What often follows is teachers parroting learned consequentialist justifications. In my subject, history, this might be a teacher saying “if you understand that people in the past had different views, then you’ll understand that people today have too and this will mean you get on with people better when you get a job.”  But trying to justify the content of our curriculum by its capacity for practical application is flawed. Beyond basic literacy and numeracy most of what is learned in school is not obviously useful in the wider world without making absurd leaps. This is something many of the pupils I have taught have been acutely aware of. While it can be amusing to try and construct contrived situations that justify the teaching of something pupils regard as obscure, for example, “if you become a baker and your till breaks and you have to work out how much Mrs Jones owes you and you don’t have a calculator, or a phone, and there’s no way you’ll be able to get one then this algebra is going to come in really handy. If you remember it.

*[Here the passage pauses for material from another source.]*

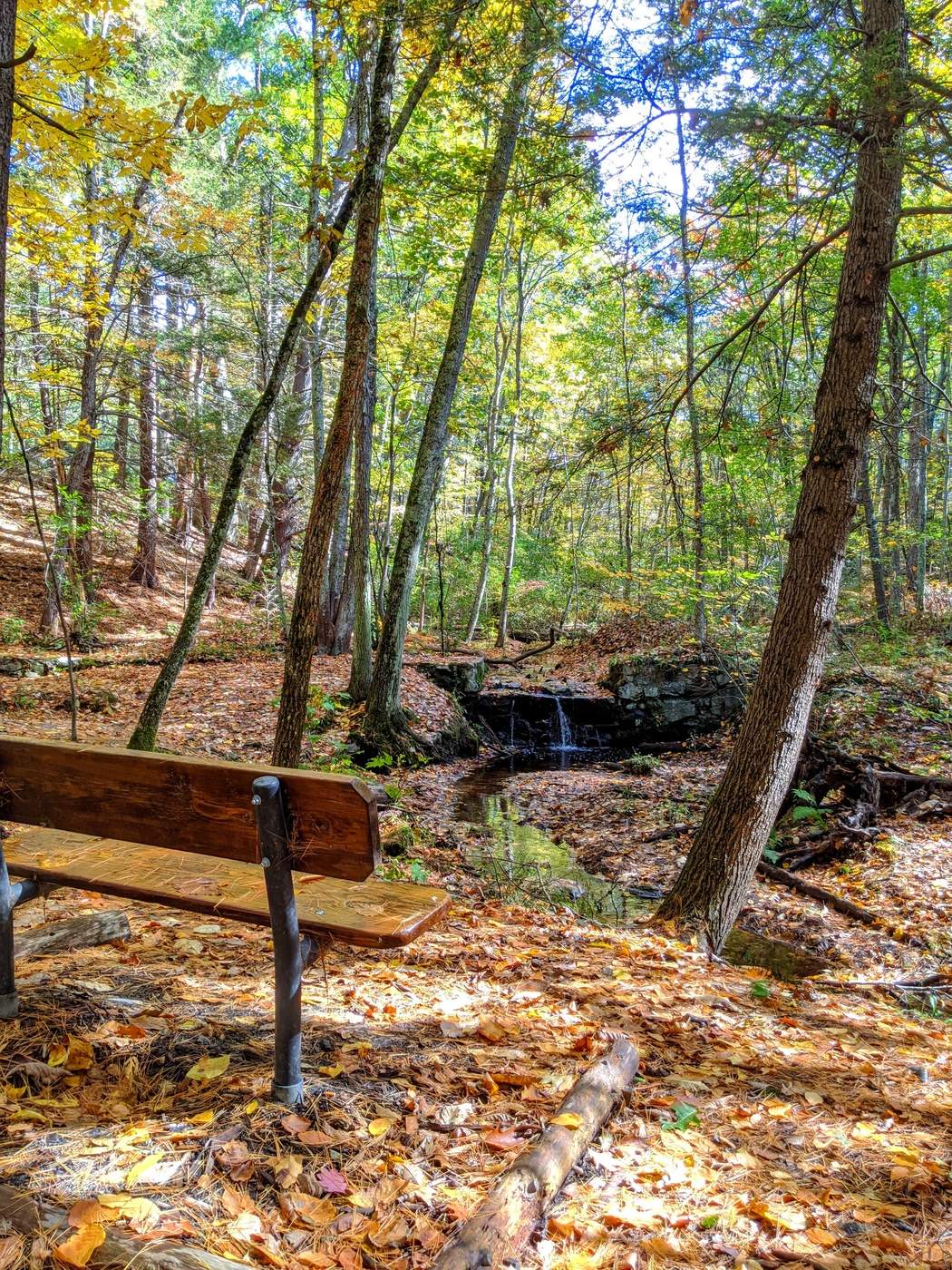 Bench at the Waterfall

Which given you only learned it to pass an exam, you almost certainly won’t.”

Worse, by indulging this argument we suggest the only subjects which are important are those with a clear and direct link to practical tasks pupils might do in the future. While some might argue this is actually quite right, curriculum developed on this principle would be radically different to most of those we deliver in schools today. In with using Excel and developing a good phone voice! Out with Homer, Angelou and the irrelevant Renaissance artists!

Do we really want our young people to learn only what is practically useful?

No consequentialist argument is strong enough to work as a justification for educating our children. As much as we might want to, we cannot say “we teach children in schools so that X will happen”, because we can’t agree what we want, can’t prove anything we want to happen does, and even if we could all agree that a change that had happened was desirable it would still be impossible to prove we were responsible for it.

Accepting this means facing something of an existentialist crisis.

If nothing good comes of our work then why bother doing it at all?

This story might be a helpful way of concentrating the argument.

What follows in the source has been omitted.